──────── DATA SUPPLIED

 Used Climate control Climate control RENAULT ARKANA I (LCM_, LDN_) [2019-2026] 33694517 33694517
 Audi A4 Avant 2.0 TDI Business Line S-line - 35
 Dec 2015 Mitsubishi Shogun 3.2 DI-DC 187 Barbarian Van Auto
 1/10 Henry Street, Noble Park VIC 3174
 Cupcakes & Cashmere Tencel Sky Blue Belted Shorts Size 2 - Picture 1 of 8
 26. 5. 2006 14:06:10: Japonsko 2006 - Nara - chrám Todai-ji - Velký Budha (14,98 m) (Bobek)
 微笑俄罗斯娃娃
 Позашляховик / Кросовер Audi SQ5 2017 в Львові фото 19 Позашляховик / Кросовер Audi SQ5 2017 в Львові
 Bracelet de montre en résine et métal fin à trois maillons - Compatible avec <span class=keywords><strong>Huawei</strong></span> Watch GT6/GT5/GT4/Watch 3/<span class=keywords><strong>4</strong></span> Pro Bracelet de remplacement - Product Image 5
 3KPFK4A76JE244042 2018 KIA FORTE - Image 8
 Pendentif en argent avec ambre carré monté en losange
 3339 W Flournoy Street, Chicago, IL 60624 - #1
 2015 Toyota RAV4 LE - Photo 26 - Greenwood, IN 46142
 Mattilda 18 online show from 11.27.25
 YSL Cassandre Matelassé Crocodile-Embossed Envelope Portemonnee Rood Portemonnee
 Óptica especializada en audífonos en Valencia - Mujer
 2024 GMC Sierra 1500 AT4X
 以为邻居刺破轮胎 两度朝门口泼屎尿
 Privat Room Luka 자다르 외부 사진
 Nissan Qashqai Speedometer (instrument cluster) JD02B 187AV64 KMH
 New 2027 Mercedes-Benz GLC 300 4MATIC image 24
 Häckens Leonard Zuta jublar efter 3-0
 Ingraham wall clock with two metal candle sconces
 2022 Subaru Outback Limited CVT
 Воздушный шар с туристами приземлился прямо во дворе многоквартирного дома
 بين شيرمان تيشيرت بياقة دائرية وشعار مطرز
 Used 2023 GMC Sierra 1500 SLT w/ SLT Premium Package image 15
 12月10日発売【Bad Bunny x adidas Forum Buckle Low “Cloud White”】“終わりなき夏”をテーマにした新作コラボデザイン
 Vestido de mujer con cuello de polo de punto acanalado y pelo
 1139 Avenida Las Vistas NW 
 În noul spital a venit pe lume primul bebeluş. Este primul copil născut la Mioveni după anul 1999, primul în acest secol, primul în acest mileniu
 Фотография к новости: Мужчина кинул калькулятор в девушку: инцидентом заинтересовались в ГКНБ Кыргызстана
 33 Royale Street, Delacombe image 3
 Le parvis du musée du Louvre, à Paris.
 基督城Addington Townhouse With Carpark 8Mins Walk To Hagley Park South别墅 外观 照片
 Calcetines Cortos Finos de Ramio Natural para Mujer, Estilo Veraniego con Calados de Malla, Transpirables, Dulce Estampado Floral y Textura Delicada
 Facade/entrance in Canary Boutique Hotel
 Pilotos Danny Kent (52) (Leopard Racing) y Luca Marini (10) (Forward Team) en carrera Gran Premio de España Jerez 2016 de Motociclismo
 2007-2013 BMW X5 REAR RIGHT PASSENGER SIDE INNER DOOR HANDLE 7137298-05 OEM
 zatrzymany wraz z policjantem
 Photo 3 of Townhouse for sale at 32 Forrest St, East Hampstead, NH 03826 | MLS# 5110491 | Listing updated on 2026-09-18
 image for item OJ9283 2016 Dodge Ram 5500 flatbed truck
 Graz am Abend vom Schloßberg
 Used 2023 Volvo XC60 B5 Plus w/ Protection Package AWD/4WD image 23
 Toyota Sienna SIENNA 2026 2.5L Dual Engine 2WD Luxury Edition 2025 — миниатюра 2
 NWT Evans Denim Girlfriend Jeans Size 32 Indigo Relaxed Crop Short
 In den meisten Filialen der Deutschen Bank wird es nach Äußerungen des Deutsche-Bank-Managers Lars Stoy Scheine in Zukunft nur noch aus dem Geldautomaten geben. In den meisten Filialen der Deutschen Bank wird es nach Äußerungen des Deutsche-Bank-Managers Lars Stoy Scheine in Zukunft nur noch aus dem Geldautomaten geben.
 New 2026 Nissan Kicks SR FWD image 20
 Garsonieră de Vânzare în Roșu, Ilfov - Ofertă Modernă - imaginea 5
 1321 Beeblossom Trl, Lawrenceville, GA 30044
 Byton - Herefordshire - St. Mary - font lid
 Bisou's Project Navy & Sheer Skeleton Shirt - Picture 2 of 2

────────────────

### [THE PROBLEM]
Supply the entire listing above again, word for word.

### [EXERCISE RESPONSE]
 Used Climate control Climate control RENAULT ARKANA I (LCM_, LDN_) [2019-2026] 33694517 33694517
 Audi A4 Avant 2.0 TDI Business Line S-line - 35
 Dec 2015 Mitsubishi Shogun 3.2 DI-DC 187 Barbarian Van Auto
 1/10 Henry Street, Noble Park VIC 3174
 Cupcakes & Cashmere Tencel Sky Blue Belted Shorts Size 2 - Picture 1 of 8
 26. 5. 2006 14:06:10: Japonsko 2006 - Nara - chrám Todai-ji - Velký Budha (14,98 m) (Bobek)
 微笑俄罗斯娃娃
 Позашляховик / Кросовер Audi SQ5 2017 в Львові фото 19 Позашляховик / Кросовер Audi SQ5 2017 в Львові
 Bracelet de montre en résine et métal fin à trois maillons - Compatible avec <span class=keywords><strong>Huawei</strong></span> Watch GT6/GT5/GT4/Watch 3/<span class=keywords><strong>4</strong></span> Pro Bracelet de remplacement - Product Image 5
 3KPFK4A76JE244042 2018 KIA FORTE - Image 8
 Pendentif en argent avec ambre carré monté en losange
 3339 W Flournoy Street, Chicago, IL 60624 - #1
 2015 Toyota RAV4 LE - Photo 26 - Greenwood, IN 46142
 Mattilda 18 online show from 11.27.25
 YSL Cassandre Matelassé Crocodile-Embossed Envelope Portemonnee Rood Portemonnee
 Óptica especializada en audífonos en Valencia - Mujer
 2024 GMC Sierra 1500 AT4X
 以为邻居刺破轮胎 两度朝门口泼屎尿
 Privat Room Luka 자다르 외부 사진
 Nissan Qashqai Speedometer (instrument cluster) JD02B 187AV64 KMH
 New 2027 Mercedes-Benz GLC 300 4MATIC image 24
 Häckens Leonard Zuta jublar efter 3-0
 Ingraham wall clock with two metal candle sconces
 2022 Subaru Outback Limited CVT
 Воздушный шар с туристами приземлился прямо во дворе многоквартирного дома
 بين شيرمان تيشيرت بياقة دائرية وشعار مطرز
 Used 2023 GMC Sierra 1500 SLT w/ SLT Premium Package image 15
 12月10日発売【Bad Bunny x adidas Forum Buckle Low “Cloud White”】“終わりなき夏”をテーマにした新作コラボデザイン
 Vestido de mujer con cuello de polo de punto acanalado y pelo
 1139 Avenida Las Vistas NW 
 În noul spital a venit pe lume primul bebeluş. Este primul copil născut la Mioveni după anul 1999, primul în acest secol, primul în acest mileniu
 Фотография к новости: Мужчина кинул калькулятор в девушку: инцидентом заинтересовались в ГКНБ Кыргызстана
 33 Royale Street, Delacombe image 3
 Le parvis du musée du Louvre, à Paris.
 基督城Addington Townhouse With Carpark 8Mins Walk To Hagley Park South别墅 外观 照片
 Calcetines Cortos Finos de Ramio Natural para Mujer, Estilo Veraniego con Calados de Malla, Transpirables, Dulce Estampado Floral y Textura Delicada
 Facade/entrance in Canary Boutique Hotel
 Pilotos Danny Kent (52) (Leopard Racing) y Luca Marini (10) (Forward Team) en carrera Gran Premio de España Jerez 2016 de Motociclismo
 2007-2013 BMW X5 REAR RIGHT PASSENGER SIDE INNER DOOR HANDLE 7137298-05 OEM
 zatrzymany wraz z policjantem
 Photo 3 of Townhouse for sale at 32 Forrest St, East Hampstead, NH 03826 | MLS# 5110491 | Listing updated on 2026-09-18
 image for item OJ9283 2016 Dodge Ram 5500 flatbed truck
 Graz am Abend vom Schloßberg
 Used 2023 Volvo XC60 B5 Plus w/ Protection Package AWD/4WD image 23
 Toyota Sienna SIENNA 2026 2.5L Dual Engine 2WD Luxury Edition 2025 — миниатюра 2
 NWT Evans Denim Girlfriend Jeans Size 32 Indigo Relaxed Crop Short
 In den meisten Filialen der Deutschen Bank wird es nach Äußerungen des Deutsche-Bank-Managers Lars Stoy Scheine in Zukunft nur noch aus dem Geldautomaten geben. In den meisten Filialen der Deutschen Bank wird es nach Äußerungen des Deutsche-Bank-Managers Lars Stoy Scheine in Zukunft nur noch aus dem Geldautomaten geben.
 New 2026 Nissan Kicks SR FWD image 20
 Garsonieră de Vânzare în Roșu, Ilfov - Ofertă Modernă - imaginea 5
 1321 Beeblossom Trl, Lawrenceville, GA 30044
 Byton - Herefordshire - St. Mary - font lid
 Bisou's Project Navy & Sheer Skeleton Shirt - Picture 2 of 2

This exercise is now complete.